ASHTABULA — Kent State University-Ashtabula will convene a public forum on H1N1 flu, originally known as swine flu, at 7 p.m. Wednesday, Oct. 21, in the Main Hall Auditorium.

Health care professionals from Ashtabula County will provide the public with information about the flu virus.

The panelists include: Cynthia Callahan, R.N., infection control preventionist, Ashtabula County Medical Center; Renee Palagyi, R.N., executive director, Ashtabula County-American Red Cross; Christine Kettunen, Ph.D., R.N., director of Nursing, Ashtabula County Health Department; Ruth Simon, MSN, nurse practitioner with the Ashtabula Clinic; and Marie Lipscomb, R.N., infection control practitioner, University Hospitals-Geneva Medical Center.
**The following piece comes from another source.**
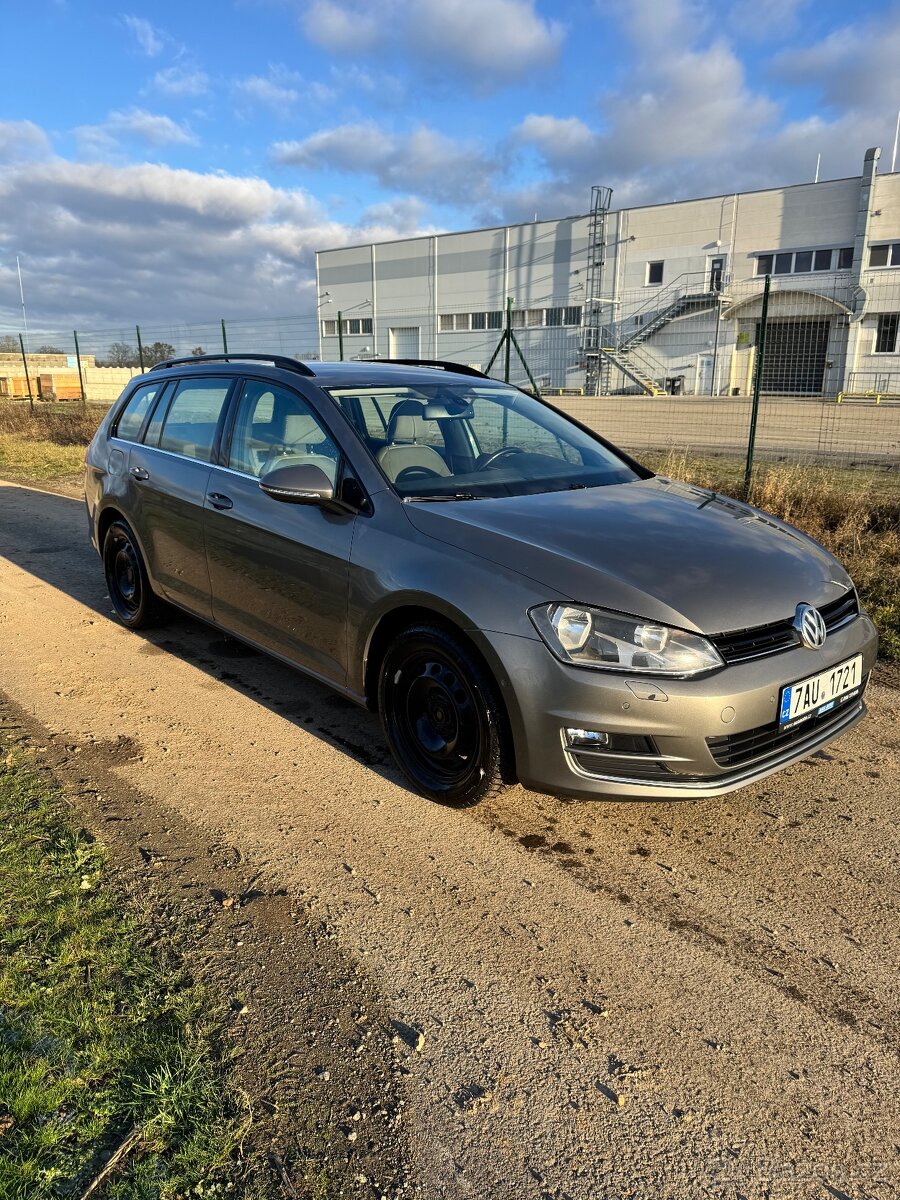 Volkswagen Golf Variant 1.6 TDI - 2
KSUA representatives include: Carol Drennen, MSN, senior program director, Nursing and Allied Health Sciences; and Susan Stocker, Ph.D., R.N., KSUA’s dean.

Stocker said: “Much of what we hear about H1N1 has been at the national level. This forum will give the community the opportunity to learn what is being done at the local level and to have their questions answered by a panel of experts on the topic. By partnering with local health professionals, Kent State at Ashtabula can facilitate a multi-institution conversation for the community. We want to allay concerns people may have, provide information to help them guard against the virus, and assure them that the professional health care facilities and agencies are actively preparing for H1N1, as well as the seasonal flu.”

Various topics will include understanding the symptoms, understanding who is most at risk, learning how vaccines will be made available and the current status of cases in Ashtabula County. The panelists will take questions from the audience.

According to the Centers for Disease Control ‘s Web site, 2009 H1N1 (aka “swine flu”) is a new influenza virus that infects the human upper-respiratory tract. This new virus was first detected in people in the United States in April 2009 and is spreading person to person worldwide, in much the same way that regular seasonal influenza viruses spread.

The event will be recorded and broadcast on the university’s cable TV channel. The broadcast schedule will be available in November at the university’s Web site ( and on Time Warner Channel 29 in Ashtabula, and Channel 21 Geneva/ Madison.